Lene Bröker sah nachdenklich vor sich hin. »Liebe, das ist wie Sonne. Die Sonne weckt auch zum Leben und fragt nicht, was aus den Blüten und Wesen wird. Und wir danken ihr doch alle. – Sie müssen nicht so viel grübeln, Schwester Engel.«

Sie standen, während sie sprachen, auf dem Absatz der breiten Treppe, die sich in zwei auseinanderstrebenden und wieder vereinigenden Stufenreihen bis zum vierten Stock des großen Hauses hob. Draußen fiel das Licht einer Bogenlampe in den Park, und weiß von Reif schimmerten die langen Alleen. Aus den niedrigen Krankenpavillonen fiel gedämpftes Licht. Fernher klang dumpfes Brausen, der nie endende Lärm der großen Stadt.
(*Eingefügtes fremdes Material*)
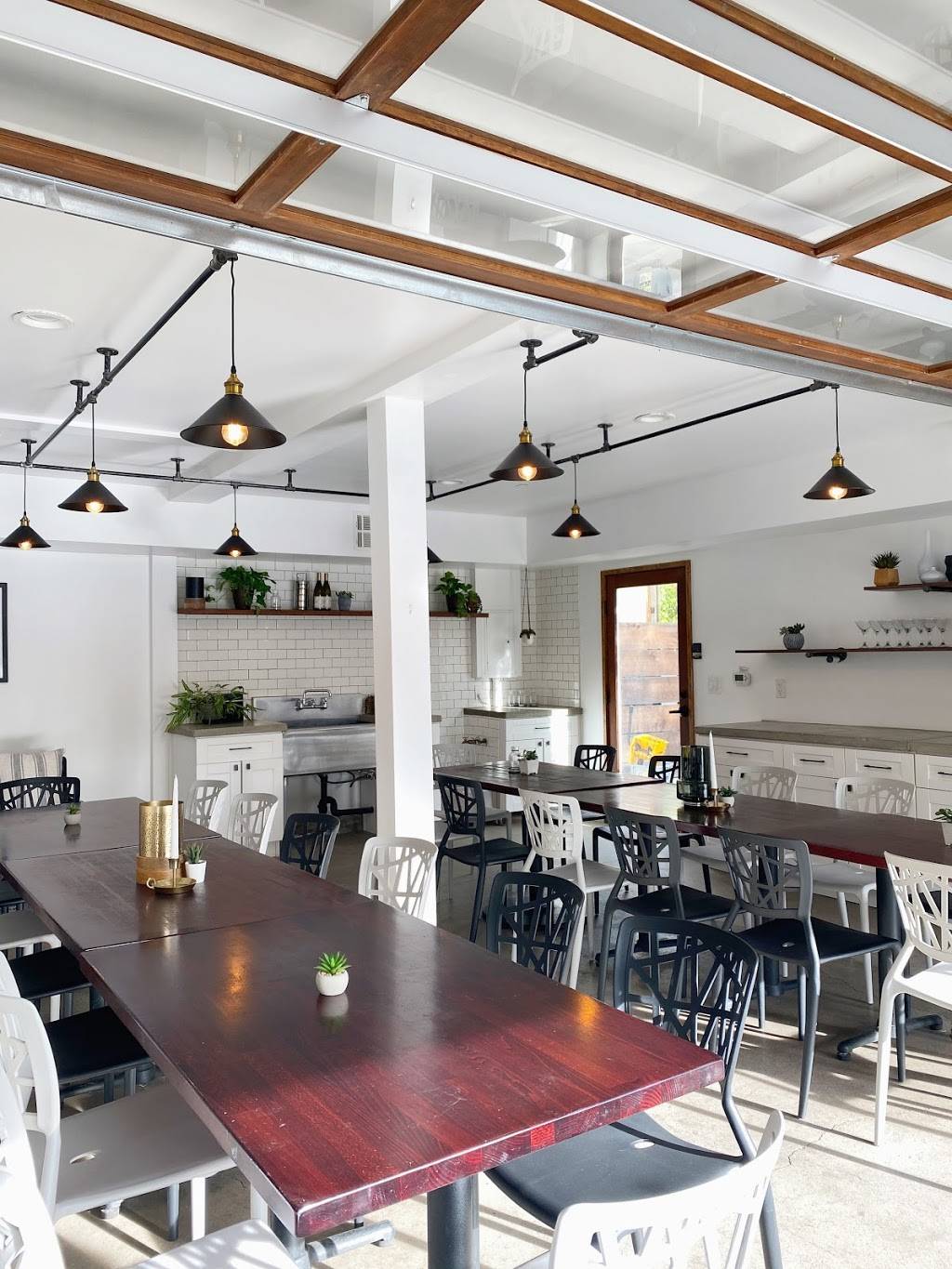 Benchmark | restaurant | 601 E Santa Ana Blvd, Santa Ana, CA 92701, USA | 7144800225 OR +1 714-480-0225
»Kommen Sie!« sagte Lene Bröker und faßte die Gefährtin um; »es wird Zeit, Ihre Kiste zu öffnen. Sie sieht so aus, als wenn viel Liebe drin verborgen wäre. Ein bißchen Engelhaar hängt sogar zwischen Deckel und Kistenrand hervor. Die Kiste hat sicher eine Mutterhand gepackt.«

Sie gingen in ihr Stübchen, und schwankend zwischen Lachen und Schluchzen kramte das Kind vom Duvenhof seine Weihnachtsgaben aus.